We are also among the early investors in the Bank for International Settlements' Green Bond Fund and the Asia Green Bond Fund. 

The prospects for the Philippine economy are bright partly because of the strong fundamentals I have just mentioned and also because of the solid reform momentum. 

Even as the government was preoccupied with pandemic response, three landmark laws that further open the Philippines to foreign investors have been enacted. These are the amended Retail Trade Liberalization Act, Foreign Investments Act, and Public Services Act. 

During the last six years, the Duterte administration invested heavily in infrastructure under its Build, Build, Build program.
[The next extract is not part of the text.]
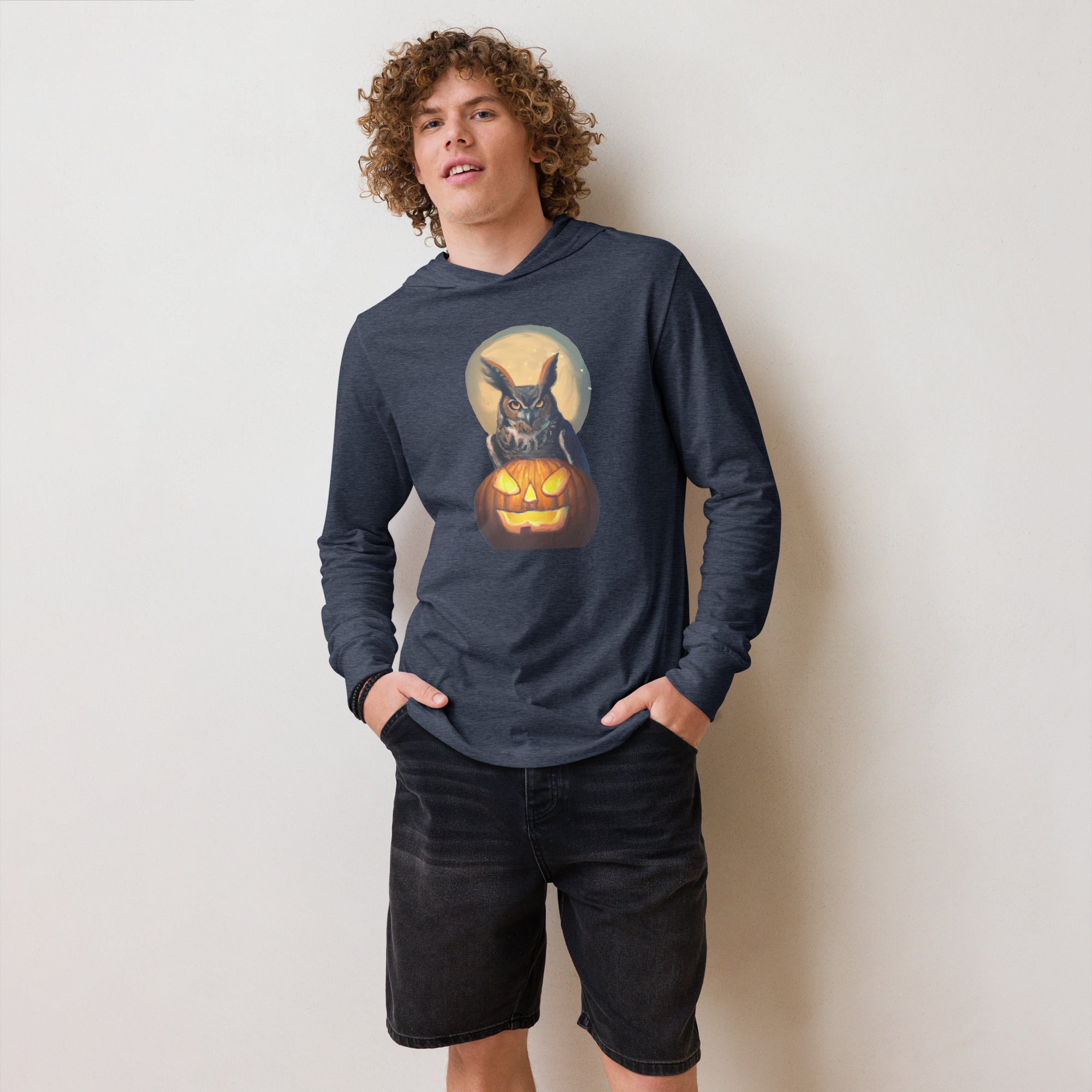 Navy heather, long-sleeve, hooded bird t-shirt with a great horned owl sitting behind a pumpkin, outlined by the full moon. Worn by a man.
I call the period 2016-2021 as the Philippines' Golden Age of Infrastructure, with infrastructure spending as percent of GDP hitting an average of 5.0 percent. In contrast, infra spending as a percent of GDP averaged 1.5 percent from 2001 to 2009 and 2.5 from 2010 to 2015.

The good news is that the incoming administration will inherit a better state of infrastructure to aid its development agenda.

A total of 88 infrastructure flagship projects for completion in 2023 and beyond will e up for the next administration to continue. 

With the economy on the mend from the COVID-19 crisis, macroeconomic prospects are bright. 

The International Monetary Fund shares the view about the Philippines' favorable economic prospects vis-à-vis its peers. In its latest World Economic Outlook report, the IMF projects the Philippines to post the fastest growth in the region this year at 6.5 percent. 

But this outlook is not without risk. Taking into account the Russia-Ukraine conflict, the Development Budget Coordination Committee adjusted its full-year growth target to a range of 2.0 to 4.0 percent but is expected to ease back within the range in 2023. 

As has been announced, I have accepted the invitation by the newly elected President to lead the new economic team as finance secretary.

While changes come with a new set of challenges, I believe the country will significantly benefit from the policy continuity that the incoming administration is poised to observe.

I am confident that the transition in administration in the Philippines will pave the way for more economic gains for the Filipino people.